> _Exercise inputs_
····················

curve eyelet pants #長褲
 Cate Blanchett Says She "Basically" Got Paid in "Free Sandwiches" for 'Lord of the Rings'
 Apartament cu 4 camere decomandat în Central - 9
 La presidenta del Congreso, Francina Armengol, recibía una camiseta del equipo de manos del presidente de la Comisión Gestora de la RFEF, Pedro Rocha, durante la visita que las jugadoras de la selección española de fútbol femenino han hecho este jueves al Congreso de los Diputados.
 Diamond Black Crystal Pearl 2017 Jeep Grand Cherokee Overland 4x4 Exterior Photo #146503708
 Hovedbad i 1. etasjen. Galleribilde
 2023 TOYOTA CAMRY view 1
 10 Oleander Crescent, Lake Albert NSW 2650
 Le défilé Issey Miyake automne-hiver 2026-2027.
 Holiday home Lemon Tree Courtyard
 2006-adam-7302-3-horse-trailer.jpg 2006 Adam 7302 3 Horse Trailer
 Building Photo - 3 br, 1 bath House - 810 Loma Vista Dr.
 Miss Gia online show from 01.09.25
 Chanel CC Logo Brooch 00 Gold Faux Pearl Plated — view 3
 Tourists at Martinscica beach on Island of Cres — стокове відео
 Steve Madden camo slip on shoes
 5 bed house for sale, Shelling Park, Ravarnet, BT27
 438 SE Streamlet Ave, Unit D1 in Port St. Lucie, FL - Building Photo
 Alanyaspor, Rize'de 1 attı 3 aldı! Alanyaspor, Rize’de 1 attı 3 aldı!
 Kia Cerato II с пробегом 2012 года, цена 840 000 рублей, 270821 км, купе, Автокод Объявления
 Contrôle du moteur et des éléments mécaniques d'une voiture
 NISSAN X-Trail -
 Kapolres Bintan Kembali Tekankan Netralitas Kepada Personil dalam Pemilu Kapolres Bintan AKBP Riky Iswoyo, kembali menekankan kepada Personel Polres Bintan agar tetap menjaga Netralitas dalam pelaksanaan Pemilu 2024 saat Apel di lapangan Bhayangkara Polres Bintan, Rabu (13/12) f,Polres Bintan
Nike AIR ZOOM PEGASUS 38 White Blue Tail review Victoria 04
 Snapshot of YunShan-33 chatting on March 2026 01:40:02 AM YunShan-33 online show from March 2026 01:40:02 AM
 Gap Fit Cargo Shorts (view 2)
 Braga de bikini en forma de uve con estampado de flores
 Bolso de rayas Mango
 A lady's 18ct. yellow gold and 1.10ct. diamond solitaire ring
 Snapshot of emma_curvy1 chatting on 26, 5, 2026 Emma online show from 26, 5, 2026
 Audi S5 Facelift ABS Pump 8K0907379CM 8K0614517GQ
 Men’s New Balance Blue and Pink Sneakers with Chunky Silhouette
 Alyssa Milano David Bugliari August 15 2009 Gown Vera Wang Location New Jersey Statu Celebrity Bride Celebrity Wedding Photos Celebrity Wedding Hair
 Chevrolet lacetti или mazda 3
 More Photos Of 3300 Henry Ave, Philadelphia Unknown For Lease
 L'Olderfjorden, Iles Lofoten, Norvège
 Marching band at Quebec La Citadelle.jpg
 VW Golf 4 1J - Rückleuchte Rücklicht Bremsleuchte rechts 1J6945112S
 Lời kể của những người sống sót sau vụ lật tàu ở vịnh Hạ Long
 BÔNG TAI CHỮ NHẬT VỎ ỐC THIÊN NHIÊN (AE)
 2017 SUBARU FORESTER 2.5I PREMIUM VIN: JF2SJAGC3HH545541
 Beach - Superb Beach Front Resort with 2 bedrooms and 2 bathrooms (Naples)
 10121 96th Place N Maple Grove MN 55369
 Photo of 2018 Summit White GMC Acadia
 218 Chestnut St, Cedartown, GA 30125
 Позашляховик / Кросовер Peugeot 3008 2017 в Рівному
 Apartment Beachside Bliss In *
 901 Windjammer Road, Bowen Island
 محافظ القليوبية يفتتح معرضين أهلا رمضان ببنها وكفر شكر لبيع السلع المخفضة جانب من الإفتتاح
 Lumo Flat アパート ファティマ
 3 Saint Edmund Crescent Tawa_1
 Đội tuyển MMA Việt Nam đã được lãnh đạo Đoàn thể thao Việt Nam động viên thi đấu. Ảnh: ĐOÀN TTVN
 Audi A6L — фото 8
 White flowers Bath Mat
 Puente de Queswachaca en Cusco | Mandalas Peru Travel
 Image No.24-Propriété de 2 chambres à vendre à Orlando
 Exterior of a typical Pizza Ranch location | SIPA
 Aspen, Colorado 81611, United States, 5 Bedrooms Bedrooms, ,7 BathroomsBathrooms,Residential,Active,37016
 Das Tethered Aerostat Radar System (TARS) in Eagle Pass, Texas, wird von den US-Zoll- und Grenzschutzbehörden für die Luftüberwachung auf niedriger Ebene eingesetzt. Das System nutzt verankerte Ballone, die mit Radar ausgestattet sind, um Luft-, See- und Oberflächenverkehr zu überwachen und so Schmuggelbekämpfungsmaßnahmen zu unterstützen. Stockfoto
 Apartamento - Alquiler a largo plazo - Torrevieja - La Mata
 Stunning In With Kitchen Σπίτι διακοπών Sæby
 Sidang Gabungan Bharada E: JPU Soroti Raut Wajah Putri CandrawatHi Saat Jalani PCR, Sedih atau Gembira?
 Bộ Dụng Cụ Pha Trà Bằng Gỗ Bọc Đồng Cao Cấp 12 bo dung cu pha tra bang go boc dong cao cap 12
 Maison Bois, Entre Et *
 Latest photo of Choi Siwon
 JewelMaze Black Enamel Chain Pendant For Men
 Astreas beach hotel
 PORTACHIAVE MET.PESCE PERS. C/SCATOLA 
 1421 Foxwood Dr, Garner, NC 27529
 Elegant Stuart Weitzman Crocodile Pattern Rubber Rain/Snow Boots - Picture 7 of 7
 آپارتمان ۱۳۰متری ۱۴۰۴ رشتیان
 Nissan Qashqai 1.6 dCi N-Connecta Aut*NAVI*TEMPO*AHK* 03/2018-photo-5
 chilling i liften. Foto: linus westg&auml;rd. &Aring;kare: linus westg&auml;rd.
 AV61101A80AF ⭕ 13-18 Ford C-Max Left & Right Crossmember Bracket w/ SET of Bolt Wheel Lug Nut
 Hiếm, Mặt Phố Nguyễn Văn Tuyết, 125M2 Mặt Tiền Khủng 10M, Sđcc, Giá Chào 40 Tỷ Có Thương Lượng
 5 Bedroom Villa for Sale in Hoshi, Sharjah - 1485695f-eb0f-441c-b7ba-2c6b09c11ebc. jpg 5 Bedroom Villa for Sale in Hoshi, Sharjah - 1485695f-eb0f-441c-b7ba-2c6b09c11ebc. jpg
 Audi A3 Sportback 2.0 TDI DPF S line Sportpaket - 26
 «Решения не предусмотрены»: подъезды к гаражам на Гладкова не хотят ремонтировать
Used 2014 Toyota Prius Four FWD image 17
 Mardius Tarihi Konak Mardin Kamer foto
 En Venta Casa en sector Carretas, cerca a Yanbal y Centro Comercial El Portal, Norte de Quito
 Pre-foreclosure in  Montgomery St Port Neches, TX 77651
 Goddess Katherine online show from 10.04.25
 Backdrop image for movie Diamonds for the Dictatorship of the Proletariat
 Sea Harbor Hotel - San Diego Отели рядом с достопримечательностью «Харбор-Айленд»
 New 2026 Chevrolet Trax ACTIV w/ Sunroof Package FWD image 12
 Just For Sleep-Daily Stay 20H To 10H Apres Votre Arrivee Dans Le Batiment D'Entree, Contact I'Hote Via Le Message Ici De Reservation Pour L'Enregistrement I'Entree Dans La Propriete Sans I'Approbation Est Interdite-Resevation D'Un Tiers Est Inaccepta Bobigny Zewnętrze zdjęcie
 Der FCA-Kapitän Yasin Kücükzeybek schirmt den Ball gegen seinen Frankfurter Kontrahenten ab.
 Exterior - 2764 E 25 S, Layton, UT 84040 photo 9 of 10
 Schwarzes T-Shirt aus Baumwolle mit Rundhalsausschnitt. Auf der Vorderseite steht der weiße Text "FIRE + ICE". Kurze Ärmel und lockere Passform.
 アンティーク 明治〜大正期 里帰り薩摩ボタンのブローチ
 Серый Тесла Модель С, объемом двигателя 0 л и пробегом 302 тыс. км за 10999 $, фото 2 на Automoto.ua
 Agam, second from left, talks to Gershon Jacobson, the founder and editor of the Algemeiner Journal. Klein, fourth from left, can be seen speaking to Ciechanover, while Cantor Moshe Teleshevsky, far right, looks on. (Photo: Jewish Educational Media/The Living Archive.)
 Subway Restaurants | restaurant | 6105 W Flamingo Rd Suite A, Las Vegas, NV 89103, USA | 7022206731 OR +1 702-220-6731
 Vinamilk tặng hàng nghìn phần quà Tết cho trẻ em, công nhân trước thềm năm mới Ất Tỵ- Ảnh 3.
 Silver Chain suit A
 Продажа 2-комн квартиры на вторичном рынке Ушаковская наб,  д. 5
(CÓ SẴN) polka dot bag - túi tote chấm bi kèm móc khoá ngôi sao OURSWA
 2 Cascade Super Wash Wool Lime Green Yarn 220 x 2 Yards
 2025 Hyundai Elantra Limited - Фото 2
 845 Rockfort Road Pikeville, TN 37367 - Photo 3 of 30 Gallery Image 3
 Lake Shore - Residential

····················

Within the material above, extract exactly the lines that start at the line containing "Позашляховик / Кросовер" and stop after the line containing "Maison Bois, Entre Et *", and only those.

> _Your solution_
 Позашляховик / Кросовер Peugeot 3008 2017 в Рівному
 Apartment Beachside Bliss In *
 901 Windjammer Road, Bowen Island
 محافظ القليوبية يفتتح معرضين أهلا رمضان ببنها وكفر شكر لبيع السلع المخفضة جانب من الإفتتاح
 Lumo Flat アパート ファティマ
 3 Saint Edmund Crescent Tawa_1
 Đội tuyển MMA Việt Nam đã được lãnh đạo Đoàn thể thao Việt Nam động viên thi đấu. Ảnh: ĐOÀN TTVN
 Audi A6L — фото 8
 White flowers Bath Mat
 Puente de Queswachaca en Cusco | Mandalas Peru Travel
 Image No.24-Propriété de 2 chambres à vendre à Orlando
 Exterior of a typical Pizza Ranch location | SIPA
 Aspen, Colorado 81611, United States, 5 Bedrooms Bedrooms, ,7 BathroomsBathrooms,Residential,Active,37016
 Das Tethered Aerostat Radar System (TARS) in Eagle Pass, Texas, wird von den US-Zoll- und Grenzschutzbehörden für die Luftüberwachung auf niedriger Ebene eingesetzt. Das System nutzt verankerte Ballone, die mit Radar ausgestattet sind, um Luft-, See- und Oberflächenverkehr zu überwachen und so Schmuggelbekämpfungsmaßnahmen zu unterstützen. Stockfoto
 Apartamento - Alquiler a largo plazo - Torrevieja - La Mata
 Stunning In With Kitchen Σπίτι διακοπών Sæby
 Sidang Gabungan Bharada E: JPU Soroti Raut Wajah Putri CandrawatHi Saat Jalani PCR, Sedih atau Gembira?
 Bộ Dụng Cụ Pha Trà Bằng Gỗ Bọc Đồng Cao Cấp 12 bo dung cu pha tra bang go boc dong cao cap 12
 Maison Bois, Entre Et *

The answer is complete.